Foram 66% de posse de bola alviverde contra apenas 34% do alvinegro, além de 13 finalizações contra oito. Nos cruzamentos outra larga vantagem, 28X12. O Palmeiras acertou 372 passes contra somente 153 do Corinthians.

Não parece, mas o Corinthians mereceu vencer o primeiro derby do centenário duelo. Claramente inferior tecnicamente, quem ditou o ritmo do jogo foi justamente o dono da casa. E não haveria outro modo de encarar o campeão brasileiro se não imprimir um jogo físico, de poucos espaços e pressão na saída de bola. Caberia ao Palmeiras sair desse jogo claramente favorável ao adversário e colocar a bola no chão, distribuir melhor seu jogo com inversão de lados e mais movimentação do meio campo. Não o fez, quis entrar no duelo pegado do Corinthians e, neste quesito, perdeu feio.

Ainda assim Keno poderia ter definido o duelo na primeira etapa, quando mandou bola no travessão de Cássio e perdeu – sim, perdeu- gol feito após lançamento primoroso de Felipe Mello. O Corinthians tinha em Gabriel o expoente de seu jogo, vibrado, pegado e de superação. E quase saiu de uma linda pancada de fora da área do ex-palmeirense o gol corintiano.

E ao falar de Keno, entro nos (de) méritos individuais alviverdes. Keno foi muito mal, tanto no aspecto técnico quanto no aspecto moral. Por mais que no futebol seja prática corriqueira o uso de aspectos de persuasão, tem uma Sapopemba de diferença você simular uma falta e apontar para um jogador adversário uma culpa que não lhe compete, que foi exatamente o que Keno fez na lamentável e estapafúrdia expulsão de Gabriel. Um lance já exaustivamente discutido e que não deixa nenhuma margem para ponderação. Foi sim um erro crasso do juiz, que poderia tranquilamente ter dado ouvido aos conselhos do 4º árbitro e não o fez. E Keno, ao ver que o vermelho fora aplicado ao jogador errado, olha para o banco alviverde e comemora. Vexatório!

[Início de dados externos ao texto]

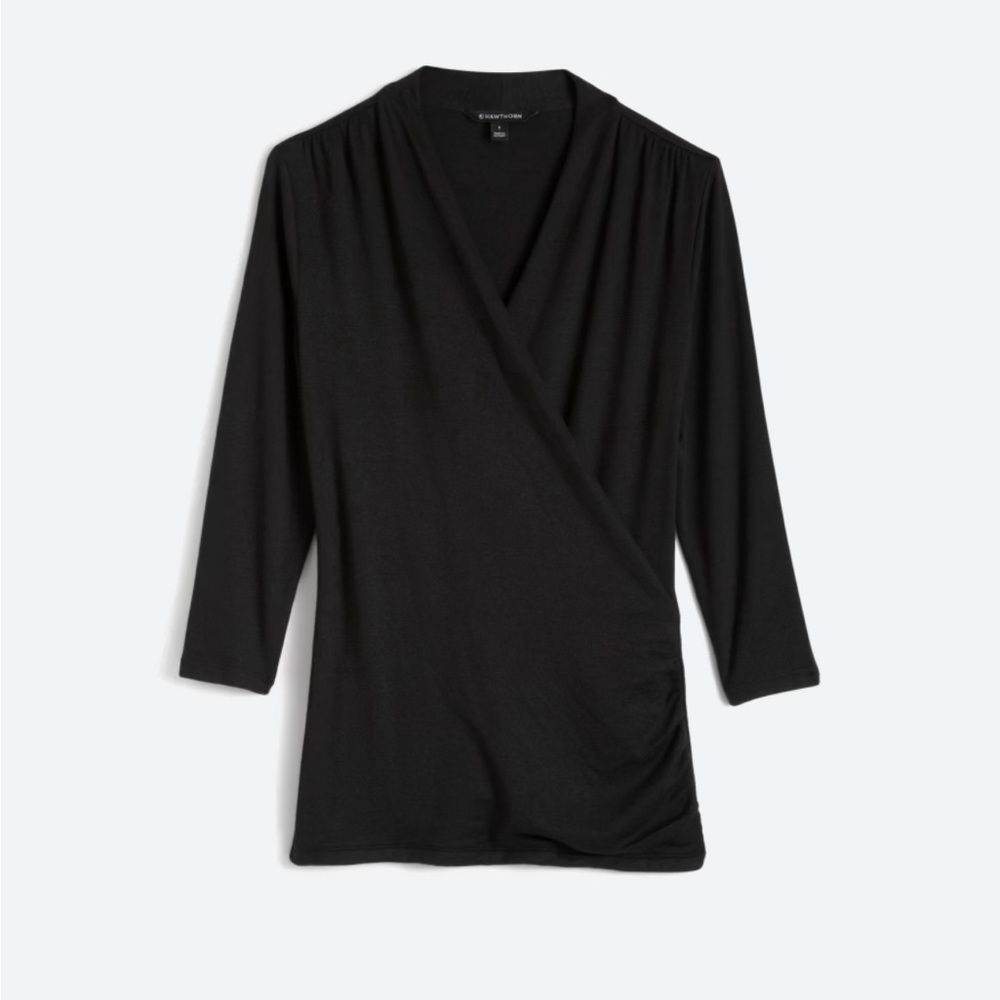 Faux-wrap knit top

Para a segunda etapa, tendo um jogador a mais e com Felipe Mello com um corte muito feio no supercilio, era muito mais jogo Eduardo Batista manter Raphael Veia no jogo para ser o armador do time e entrar com Guerra na vaga de Felipe Mello. As trocas de Eduardo foram basicamente seis por dúzia, já que na sequencia Felipe Mello pediu para sair e em seu lugar ele mandou Thiago Santos. Taticamente nenhuma mudança ao jogo de ataque contra defesa que virou a partida, onde o Palmeiras teve pouca ou quase nenhuma efetividade. Uma cabeçada de Keno a queima roupa em que Cássio fez grande defesa e um gol impedido de Mina em uma infindável maratona de cruzamentos quase sempre muito bem anulados pela defesa corintiana.

No mesmo dia e que o Palmeiras viu Lucas Barrios ir para o Grêmio, viu também Alecssandro entrar e não fazer absolutamente nada, além de tomar um cartão amarelo merecido, em mais uma substituição sem nenhum acréscimo tático de Eduardo Batista.

E foi no gol corintiano, onde a falha de um Guerra que claramente não entendeu ainda o que significa um derby contra um vigoroso Maicom, que em seu bote certeiro praticamente deu o gol da vitória ao alvinegro marcado por Jô, fica clara a maneira com que Fábio Carille preparou o seu Corinthians para encarar um derby centenário como ele deve ser, enquanto o Palmeiras de Eduardo Batista, com certa empáfia, entrou para disputar apenas mais um jogo de Campeonato Paulista.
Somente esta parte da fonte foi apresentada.